A project log for Vintage Z80 palmtop compy hackery (TI-86)

It even has a keyboard!

eric-hertzEric Hertz 09/21/2021 at 01:549 Comments

look at that wonderful VFD!

<s>Well, shoot, I took the batteries out, and they've since fallen well out of reach. You'll just have to take my word for it,</s> that's a nice little Vacuum Fluorescent Display. $2.99, how could I pass it up?!

Half of me wants to hack it into the TI-86 for some purpose... maybe displaying the z80's data/address bus? 8 digits is perfect... 24 address bits after the memory-mappers is 6 hex digits, two more for data... I had been contemplating single-stepping and toggle-switch inputs a while back...

Initially, upon seeing this i thought each digit was a separate display, which I thought would be great for a wristwatch, and maybe various other projects. But, even weirder than those flat VFDs you find in VCRs and such, this guy is in a glass /tube/, cylindrical! How 'bout that?

You can almost make it out, here. Interestingly, both ends have wires coming out, unlike most tubes.

... oh heck, I've already gone this far, and I left the lone screw out since it still snaps together quite nicely at some 50 years(?!) old.

I dig that the leads are spiralled out from the circular layout.

Bad shot, sorry... but there's really not much in there, and what is is mostly repairable/replaceable/hackable... I dig that, too. Probably part of the reason it's still around after fifty years.

Also, oddly, I noticed no friggin' datecodes! Best I found was maybe "45", but obviously that can't be right... right? Oh, hey, I just saw a vid the other day saying that Japan didn't use the AD year-system until after they were well into the electronics business. So, it might actually be from year '45, in whatever their system was, then. I may look that up, soon. That vid was about something from the late sixties, as I recall.

Anyhow, this guy's in near pristine condition, would be a bit of a shame to gut it... but who knows what its future holds. There's plenty of space inside, which could also make for a project-box... hmm...

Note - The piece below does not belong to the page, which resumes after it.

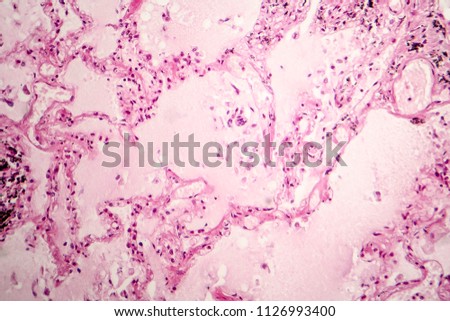 Histopathology of acute pulmonary edema, light micrograph showing accumulation of fluid inside alveoli Royalty-Free Stock Photo #1126993400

Alternatively: i heard once of someone hacking a cheapo calculator for counting events: enter 1+1, then some sensor triggers the Equals key, repeatedly, automatically adding one each time. 

Along those lines, as long as all you intend to display is a single number up to 8 decimal digits long, the keyboard matrix could be broken-out for a microcontroller to control. Send a ribbon cable through the battery compartment and the vintage calc keeps its look, brains, and functionality... but can be used for other purposes too... hmm...

... A couple days later: one idea might be a Digital-Readout for an axis on a CNC machine, which also just happens to be a calculator, too, with a dimension already entered, ready to be divided by three for calculating the next move, or something... heh.

...

Anyhow...

In the compy backup realm... I've accounted for 500,000 of the 1million "missing" files. Yep, I had done some massive cleanup the day after my last backup in July, and even typed-up a log of my doing-so. Sometimes I'm not a complete idiot. But, still, that leaves 500,000 ,"missing" files still unaccounted-for. What The Heck Did I Do? 'diff -rq' doesn't even seem to help in that regard.... something burried deep in some folder that was in the trash? Maybe some kernel source or something?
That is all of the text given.